Поставив эти вопросы, затронем теперь феномен «счастья». В начале XX века то ли Короленко, то ли Максим Горький, которого называют основоположником литературы социалистического реализма, высказал зернистую мысль: «Человек рожден для счастья, как птица для полета». Можно в это поверить, а можно предположить, что в этом заключается основополагающая ложь. Нетрудно увидеть, что человек рожден не для счастья, а для беды, ибо каждого из нас ждет смерть.
Счастье — это острая радость жизни, которая налетает мгновениями и так же мгновенно отлетает. Только в этом смысле тут уместно сравнение с полетом. Не исключено, что последнее такое мгновение возникает в момент смерти, в этом случае Короленко или Горький могут быть правы. Не исключено также, что это мгновение становится бесконечностью.

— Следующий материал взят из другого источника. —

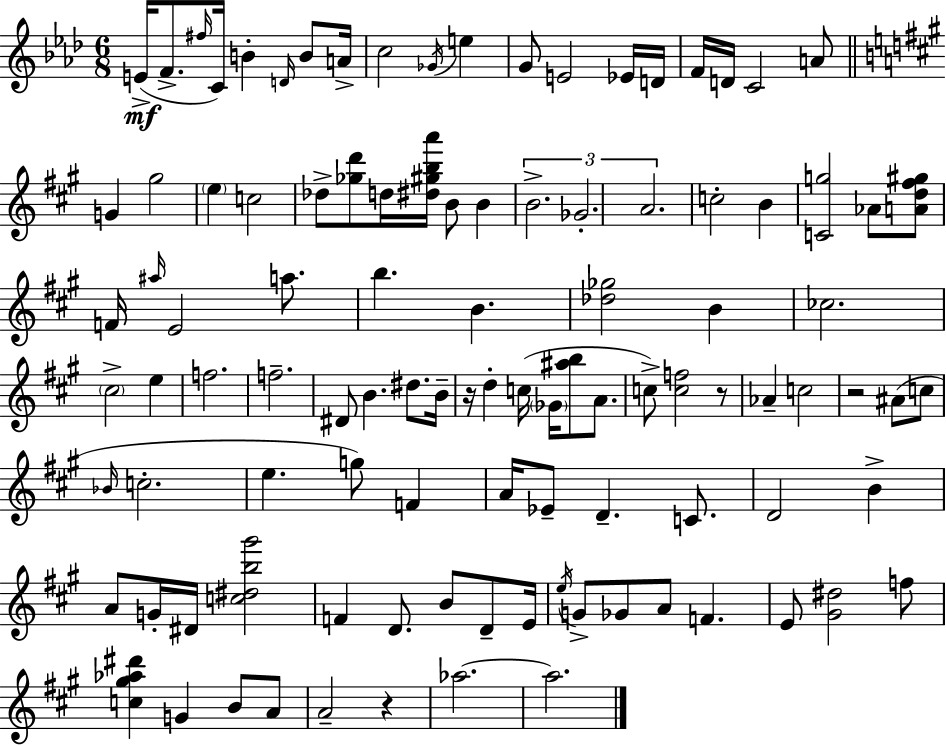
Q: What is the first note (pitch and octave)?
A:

Давайте вернемся теперь к интеллекту. Рост его неразрывно связан с накоплением знаний. Оглядываясь назад, мы задаемся вопросом: почему мы в течение шести тысяч лет плелись улиткой, а теперь так лихо заракечиваемся? Значит ли это, что мы на столько же умнее древних, на сколько наши знания превышают их багаж? Весьма сомнительно. Человек, придумавший колесо, не ниже человека, разрабатывающего систему космической навигации. Видеокамеры, позволяющие запечатлеть ускользающий момент, впрямую относятся к тем краскам, с помощью которых был запечатлен на скале пробегающий мимо буйвол.
Все эти открытия, по сути дела, являются чудесами, но мы их считаем результатами детерминированного развития нашего интеллекта.

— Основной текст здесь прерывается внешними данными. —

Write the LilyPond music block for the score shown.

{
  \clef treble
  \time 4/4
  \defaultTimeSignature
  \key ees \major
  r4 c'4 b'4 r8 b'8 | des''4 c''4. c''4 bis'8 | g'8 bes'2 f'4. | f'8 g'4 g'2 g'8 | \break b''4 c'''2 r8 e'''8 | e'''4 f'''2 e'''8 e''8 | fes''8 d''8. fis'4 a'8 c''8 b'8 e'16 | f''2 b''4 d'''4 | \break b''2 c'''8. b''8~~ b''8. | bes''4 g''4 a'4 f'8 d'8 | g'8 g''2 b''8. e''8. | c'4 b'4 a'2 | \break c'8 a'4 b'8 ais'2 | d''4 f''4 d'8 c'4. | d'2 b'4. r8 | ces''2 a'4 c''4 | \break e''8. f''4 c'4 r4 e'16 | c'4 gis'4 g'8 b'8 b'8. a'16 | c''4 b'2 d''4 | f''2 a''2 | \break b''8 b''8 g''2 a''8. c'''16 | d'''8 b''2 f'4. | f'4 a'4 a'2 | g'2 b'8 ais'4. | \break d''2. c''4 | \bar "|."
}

Физики-теоретики, то есть народ наиболее приближенный к метафизике, задаются вопросом: почему молчит космос. Они считают, что мы уже вышли на уровень, достойный сигнала. Они обеспокоены тем, что наша наука может вдруг стремительно подойти к своему тупику, задвинуться в него и остановиться навсегда. Они жаждут сигналов со звезд, но вообще-то, как я понимаю, они имеют в виду зазвездность. Космос — это все-таки то, что мы видим. Мы даже измеряем его расстояния в миллиардах световых лет. Однако чудовищность этих расстояний сама по себе почти опровергает идею космоса как дома. Физика жаждет пройти в метафизику, где нет никаких световых лет, как нет и света в нашем понимании, и откуда, быть может, давно уже подаются сигналы, которые мы пока не можем распознать.
Мир заастральный приоткрылся нам раз с приходом и уходом Христа, и, быть может, то, о чем тоскуют большие математические умы вроде Эйнштейна или Николая Ляпунова, станет не чем иным, как Вторым Пришествием.
Так или иначе, но сейчас мы подходим к тому моменту после которого интеллектуальное развитие начнет сливаться с духовным.
— Можно выйти позвонить? — спросила первая скрипка сегодняшней дискуссии, кадет Филипп Ноуз.
— А мне нужно выйти помолиться, — капризно напомнила красавица из Саудовской Аравии Мэйсун Кэйхан. — Ведь я вас предупреждала, профессор.
— Да-да, — подтвердил я. — Давайте тогда сделаем общий перекур.
— Перекур! Перекур! — зашумели студенты. Странным образом вся группа очень быстро освоила произношение этого «политически некорректного» слова.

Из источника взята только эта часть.